Australian television production company

Roving Enterprises Pty Ltd is an Australian television production company, owned by television presenter, producer and comedian Rove McManus and his business partner Craig Campbell and managed by General Manager Kevin Whyte. The company is responsible for producing many shows and events, particularly for Network 10.

==Productions==

 Programs with a shaded background indicate the program is still in production.

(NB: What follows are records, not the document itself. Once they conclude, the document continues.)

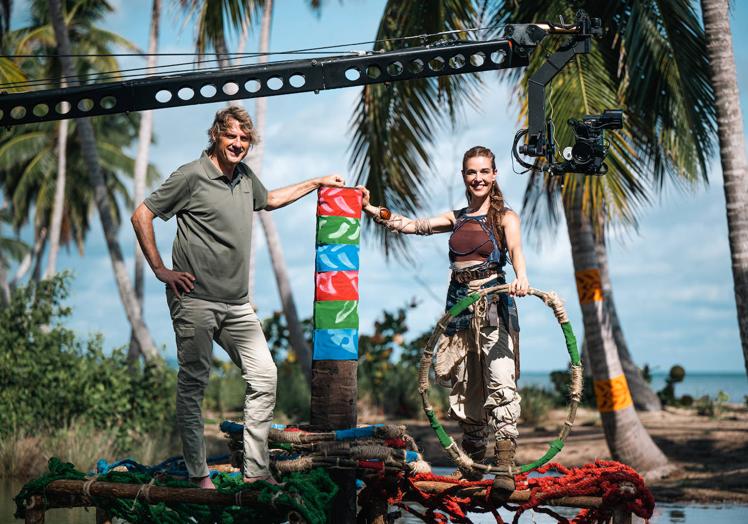 Julián Iantzi y Raquel Sánchez Silva, los presentadores de 'El conquistador', durante las grabaciones en República Dominicana.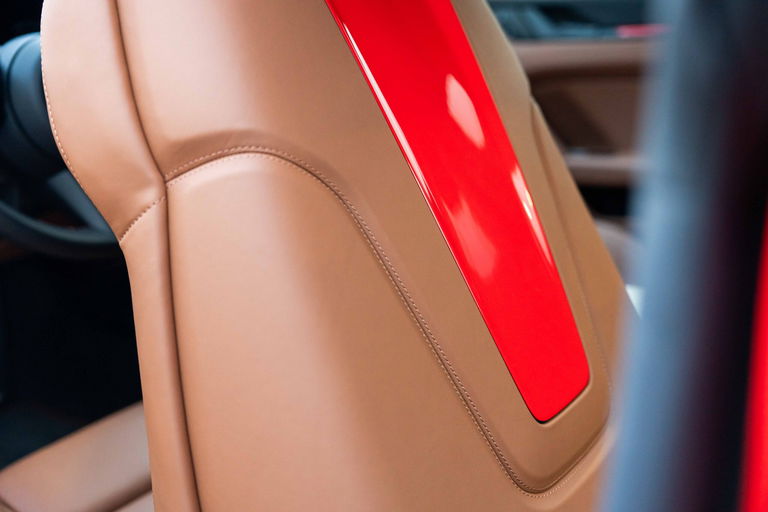 Porsche 992 GT3 Touring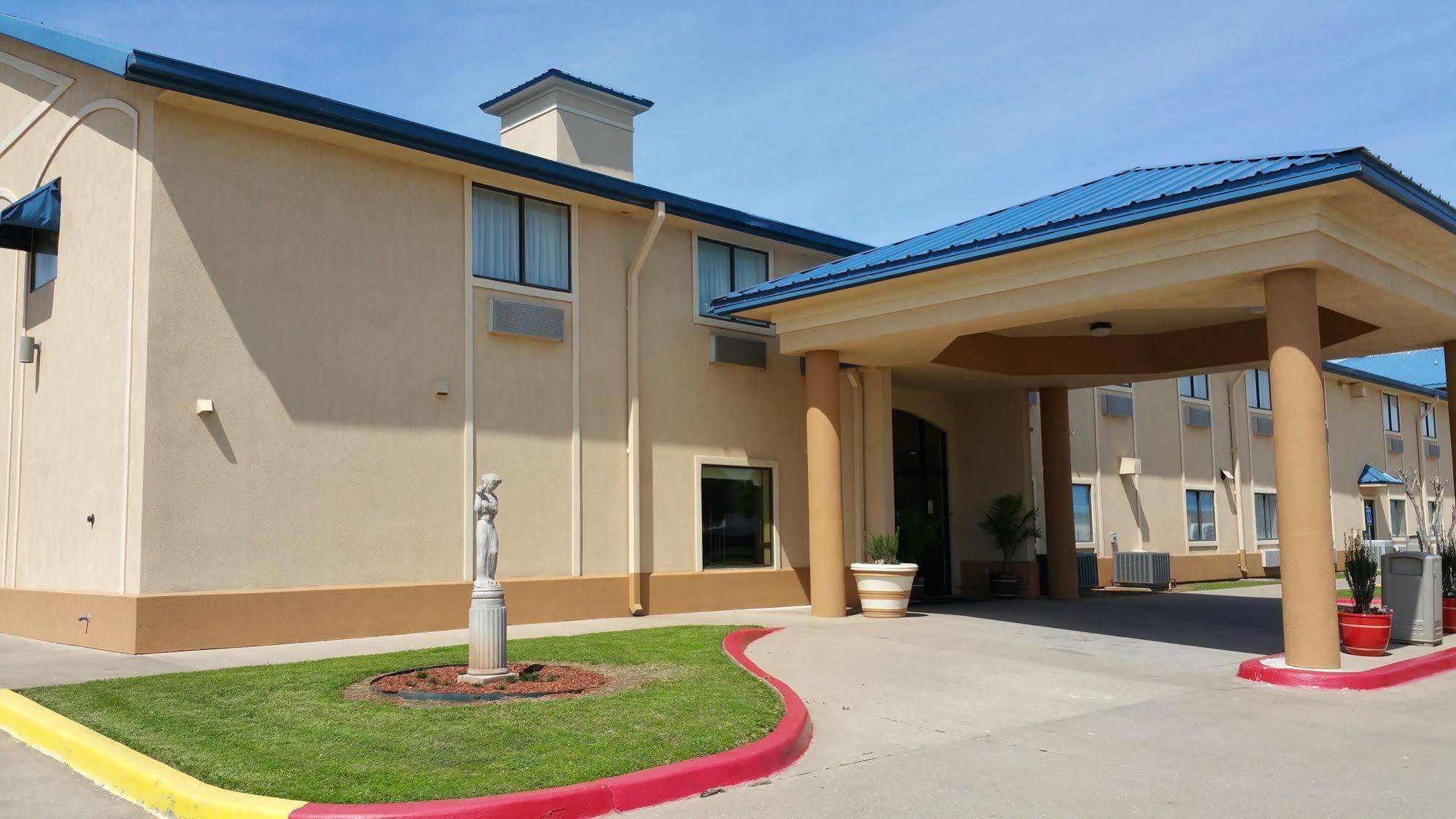 Quality Inn & Suites Wichita Falls I-44 Экстерьер фото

| Title | Network | Years | Format | Duration |
|---|---|---|---|---|
| Rove | Nine Network Network Ten | 1999 2000–2009 | Variety show | 11 seasons, 354 episodes |
| Silverchair: Beyond the Diorama | Network Ten | 2002 | Music documentary | 1 interview special |
| ARIA Music Awards | Network Ten Nine Network | 2002–2008, 2023–present | Music awards | 8 annual awards ceremonies |
| Skithouse | Network Ten | 2003–2004 | Sketch comedy | 2 seasons, 19 episodes |
| Before the Game | Network Ten | 2003–2013 | AFL talk show | 11 seasons, 303 episodes |
| TEN: Seriously 40 | Network Ten | 2005 | Nostalgia special | 1 special |
| Real Stories | Network Ten | 2006 | Comedy | 1 season, 8 episodes |
| Are You Smarter than a 5th Grader? | Network Ten | 2007–2009 | Game show | 3 seasons, 34 episodes |
| Hamish & Andy's American Caravan of Courage | Network Ten | 2008 | Comedy special | 1 special |
| Hamish & Andy: Re-Gifted | Network Ten | 2008–2009 | Comedy specials | 2 annual specials |
| The Project | Network Ten | 2009–2025 | News panel show | 16 seasons, 4504 episodes |
| Rove LA | FOX8 | 2011–2012 | Talk show | 2 seasons, 23 episodes |
| Saturday Night Rove | Network Ten | 2019 | Variety show | 2 episodes, 1 pilot |
| AACTA Awards | Network Ten | 2022– | Film and television awards |  |

==Fire==
In October 2004, one of Roving Enterprises production offices in Abbotsford, a Melbourne suburb, was destroyed by a large fire that caused up to $2 million damage and required 16 fire engines and over 50 firefighters to extinguish it. The offices were used for production, graphics editing and wardrobe/props and among the many things lost, the fire destroyed pieces that were to be used for the ARIA Music Awards of 2004 ceremony. The company also lost its costume department, valuable editing equipment, computers and irreplaceable video tapes and digital footage.